(Stored dataset items)
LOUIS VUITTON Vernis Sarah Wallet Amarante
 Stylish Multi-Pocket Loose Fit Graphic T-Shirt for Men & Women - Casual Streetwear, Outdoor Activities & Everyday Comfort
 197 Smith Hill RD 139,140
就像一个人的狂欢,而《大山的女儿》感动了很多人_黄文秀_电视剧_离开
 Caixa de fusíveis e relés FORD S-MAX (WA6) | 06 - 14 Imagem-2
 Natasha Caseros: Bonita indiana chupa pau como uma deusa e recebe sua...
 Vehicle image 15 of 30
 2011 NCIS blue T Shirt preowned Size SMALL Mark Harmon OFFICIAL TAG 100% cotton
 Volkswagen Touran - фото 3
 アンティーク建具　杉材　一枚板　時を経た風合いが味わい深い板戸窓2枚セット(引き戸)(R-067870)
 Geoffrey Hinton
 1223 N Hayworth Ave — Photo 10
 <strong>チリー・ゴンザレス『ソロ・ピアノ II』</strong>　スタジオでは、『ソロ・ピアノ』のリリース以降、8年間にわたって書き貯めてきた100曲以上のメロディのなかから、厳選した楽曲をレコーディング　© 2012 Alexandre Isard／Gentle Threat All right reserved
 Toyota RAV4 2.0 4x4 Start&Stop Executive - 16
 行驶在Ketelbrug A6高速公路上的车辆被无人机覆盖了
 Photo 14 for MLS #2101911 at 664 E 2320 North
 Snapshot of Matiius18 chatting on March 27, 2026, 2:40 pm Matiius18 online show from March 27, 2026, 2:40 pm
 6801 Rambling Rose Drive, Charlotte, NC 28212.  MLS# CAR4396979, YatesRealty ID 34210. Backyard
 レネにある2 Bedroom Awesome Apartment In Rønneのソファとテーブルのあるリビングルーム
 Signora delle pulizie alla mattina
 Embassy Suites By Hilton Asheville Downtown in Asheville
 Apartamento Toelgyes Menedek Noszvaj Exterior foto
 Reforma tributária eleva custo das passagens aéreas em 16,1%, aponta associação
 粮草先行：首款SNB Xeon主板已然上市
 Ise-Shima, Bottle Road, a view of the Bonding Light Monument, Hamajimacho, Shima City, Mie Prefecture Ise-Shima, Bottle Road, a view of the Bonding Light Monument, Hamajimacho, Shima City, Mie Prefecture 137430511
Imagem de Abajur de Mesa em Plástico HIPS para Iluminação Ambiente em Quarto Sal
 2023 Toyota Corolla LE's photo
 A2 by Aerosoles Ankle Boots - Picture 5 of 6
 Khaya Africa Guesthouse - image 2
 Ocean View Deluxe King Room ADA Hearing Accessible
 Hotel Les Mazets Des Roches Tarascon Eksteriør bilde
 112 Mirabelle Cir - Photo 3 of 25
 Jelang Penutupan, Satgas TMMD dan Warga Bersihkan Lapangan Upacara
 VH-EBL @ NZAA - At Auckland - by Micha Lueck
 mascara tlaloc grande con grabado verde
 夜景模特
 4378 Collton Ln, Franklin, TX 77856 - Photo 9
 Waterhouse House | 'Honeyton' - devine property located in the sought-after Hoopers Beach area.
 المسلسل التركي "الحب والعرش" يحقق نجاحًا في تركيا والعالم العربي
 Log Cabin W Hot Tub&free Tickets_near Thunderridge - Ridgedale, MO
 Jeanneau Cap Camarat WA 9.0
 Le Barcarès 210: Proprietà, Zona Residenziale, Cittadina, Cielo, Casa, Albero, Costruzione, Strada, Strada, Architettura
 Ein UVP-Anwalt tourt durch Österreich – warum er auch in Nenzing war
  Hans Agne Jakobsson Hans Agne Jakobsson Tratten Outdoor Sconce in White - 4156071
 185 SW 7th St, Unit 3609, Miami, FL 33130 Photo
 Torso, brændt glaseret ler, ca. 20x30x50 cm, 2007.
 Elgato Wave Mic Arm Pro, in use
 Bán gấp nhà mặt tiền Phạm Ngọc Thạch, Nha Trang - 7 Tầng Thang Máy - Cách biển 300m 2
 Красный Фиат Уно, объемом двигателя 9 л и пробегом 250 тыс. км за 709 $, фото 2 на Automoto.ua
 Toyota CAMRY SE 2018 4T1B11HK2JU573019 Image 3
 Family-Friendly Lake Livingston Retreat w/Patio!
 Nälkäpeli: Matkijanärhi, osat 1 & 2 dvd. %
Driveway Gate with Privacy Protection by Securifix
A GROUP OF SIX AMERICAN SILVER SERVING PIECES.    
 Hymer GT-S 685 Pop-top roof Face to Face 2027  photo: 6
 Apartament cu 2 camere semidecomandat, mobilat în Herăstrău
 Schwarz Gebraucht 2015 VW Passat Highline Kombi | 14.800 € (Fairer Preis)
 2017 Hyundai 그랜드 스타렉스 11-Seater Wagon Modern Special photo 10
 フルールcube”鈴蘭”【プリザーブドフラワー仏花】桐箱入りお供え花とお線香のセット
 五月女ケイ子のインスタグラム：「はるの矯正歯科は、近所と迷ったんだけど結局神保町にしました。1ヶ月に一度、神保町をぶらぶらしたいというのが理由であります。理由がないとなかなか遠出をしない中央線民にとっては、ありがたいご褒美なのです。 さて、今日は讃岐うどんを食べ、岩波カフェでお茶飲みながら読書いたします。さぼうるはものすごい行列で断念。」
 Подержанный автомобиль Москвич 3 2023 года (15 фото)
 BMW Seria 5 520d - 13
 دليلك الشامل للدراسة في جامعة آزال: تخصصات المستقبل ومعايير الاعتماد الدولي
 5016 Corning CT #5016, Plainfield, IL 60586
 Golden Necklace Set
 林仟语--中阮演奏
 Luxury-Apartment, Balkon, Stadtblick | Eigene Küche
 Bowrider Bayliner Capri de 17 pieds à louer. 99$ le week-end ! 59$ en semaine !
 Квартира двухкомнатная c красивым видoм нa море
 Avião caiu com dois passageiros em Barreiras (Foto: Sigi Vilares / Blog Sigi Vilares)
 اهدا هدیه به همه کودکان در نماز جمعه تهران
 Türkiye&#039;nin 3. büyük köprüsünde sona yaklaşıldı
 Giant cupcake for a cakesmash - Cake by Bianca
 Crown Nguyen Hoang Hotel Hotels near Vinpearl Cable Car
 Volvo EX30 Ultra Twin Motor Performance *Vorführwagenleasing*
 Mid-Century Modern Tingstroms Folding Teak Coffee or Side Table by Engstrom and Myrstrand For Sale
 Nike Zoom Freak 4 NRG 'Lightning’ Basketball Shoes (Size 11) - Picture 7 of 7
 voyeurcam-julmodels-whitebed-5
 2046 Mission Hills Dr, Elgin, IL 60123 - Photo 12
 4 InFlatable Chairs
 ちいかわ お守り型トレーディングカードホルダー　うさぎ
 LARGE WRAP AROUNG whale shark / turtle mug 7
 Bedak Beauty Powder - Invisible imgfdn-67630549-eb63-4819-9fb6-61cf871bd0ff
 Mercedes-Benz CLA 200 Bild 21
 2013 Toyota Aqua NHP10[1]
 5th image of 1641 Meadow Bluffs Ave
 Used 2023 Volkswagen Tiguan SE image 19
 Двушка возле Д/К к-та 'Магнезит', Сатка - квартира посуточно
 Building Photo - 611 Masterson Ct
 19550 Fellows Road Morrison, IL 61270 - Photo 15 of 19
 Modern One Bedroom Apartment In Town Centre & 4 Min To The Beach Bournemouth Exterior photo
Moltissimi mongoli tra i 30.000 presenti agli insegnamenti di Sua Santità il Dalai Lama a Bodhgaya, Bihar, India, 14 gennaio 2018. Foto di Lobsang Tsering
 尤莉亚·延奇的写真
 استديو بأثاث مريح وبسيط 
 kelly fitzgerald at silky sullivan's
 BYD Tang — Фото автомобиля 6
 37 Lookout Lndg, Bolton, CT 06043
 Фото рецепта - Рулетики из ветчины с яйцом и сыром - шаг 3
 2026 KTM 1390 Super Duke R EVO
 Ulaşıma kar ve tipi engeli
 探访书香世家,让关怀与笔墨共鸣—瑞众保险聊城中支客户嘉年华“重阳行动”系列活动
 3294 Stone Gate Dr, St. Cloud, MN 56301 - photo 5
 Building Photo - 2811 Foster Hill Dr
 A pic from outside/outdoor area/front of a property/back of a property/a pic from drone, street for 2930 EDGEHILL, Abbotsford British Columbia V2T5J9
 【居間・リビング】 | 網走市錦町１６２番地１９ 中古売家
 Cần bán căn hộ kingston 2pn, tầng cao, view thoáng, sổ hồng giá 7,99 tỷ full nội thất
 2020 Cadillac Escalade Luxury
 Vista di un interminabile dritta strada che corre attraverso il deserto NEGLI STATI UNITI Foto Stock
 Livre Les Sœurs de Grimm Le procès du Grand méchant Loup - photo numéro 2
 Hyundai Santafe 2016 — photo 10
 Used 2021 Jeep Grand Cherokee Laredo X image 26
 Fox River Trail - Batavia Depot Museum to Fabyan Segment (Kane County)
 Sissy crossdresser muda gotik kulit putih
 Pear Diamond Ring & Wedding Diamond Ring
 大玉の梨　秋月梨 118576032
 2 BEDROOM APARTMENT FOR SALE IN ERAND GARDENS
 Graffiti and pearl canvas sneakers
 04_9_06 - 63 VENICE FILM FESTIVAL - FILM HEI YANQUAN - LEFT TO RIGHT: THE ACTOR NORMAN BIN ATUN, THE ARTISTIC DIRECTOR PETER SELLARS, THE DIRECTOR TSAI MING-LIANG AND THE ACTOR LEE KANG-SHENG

• **WORK TASK**
An exact copy of the lines above, from the one containing "kelly fitzgerald at silky sullivan's" through the one containing "Used 2021 Jeep", is the whole of the answer.

• **ANSWER**
 kelly fitzgerald at silky sullivan's
 BYD Tang — Фото автомобиля 6
 37 Lookout Lndg, Bolton, CT 06043
 Фото рецепта - Рулетики из ветчины с яйцом и сыром - шаг 3
 2026 KTM 1390 Super Duke R EVO
 Ulaşıma kar ve tipi engeli
 探访书香世家,让关怀与笔墨共鸣—瑞众保险聊城中支客户嘉年华“重阳行动”系列活动
 3294 Stone Gate Dr, St. Cloud, MN 56301 - photo 5
 Building Photo - 2811 Foster Hill Dr
 A pic from outside/outdoor area/front of a property/back of a property/a pic from drone, street for 2930 EDGEHILL, Abbotsford British Columbia V2T5J9
 【居間・リビング】 | 網走市錦町１６２番地１９ 中古売家
 Cần bán căn hộ kingston 2pn, tầng cao, view thoáng, sổ hồng giá 7,99 tỷ full nội thất
 2020 Cadillac Escalade Luxury
 Vista di un interminabile dritta strada che corre attraverso il deserto NEGLI STATI UNITI Foto Stock
 Livre Les Sœurs de Grimm Le procès du Grand méchant Loup - photo numéro 2
 Hyundai Santafe 2016 — photo 10
 Used 2021 Jeep Grand Cherokee Laredo X image 26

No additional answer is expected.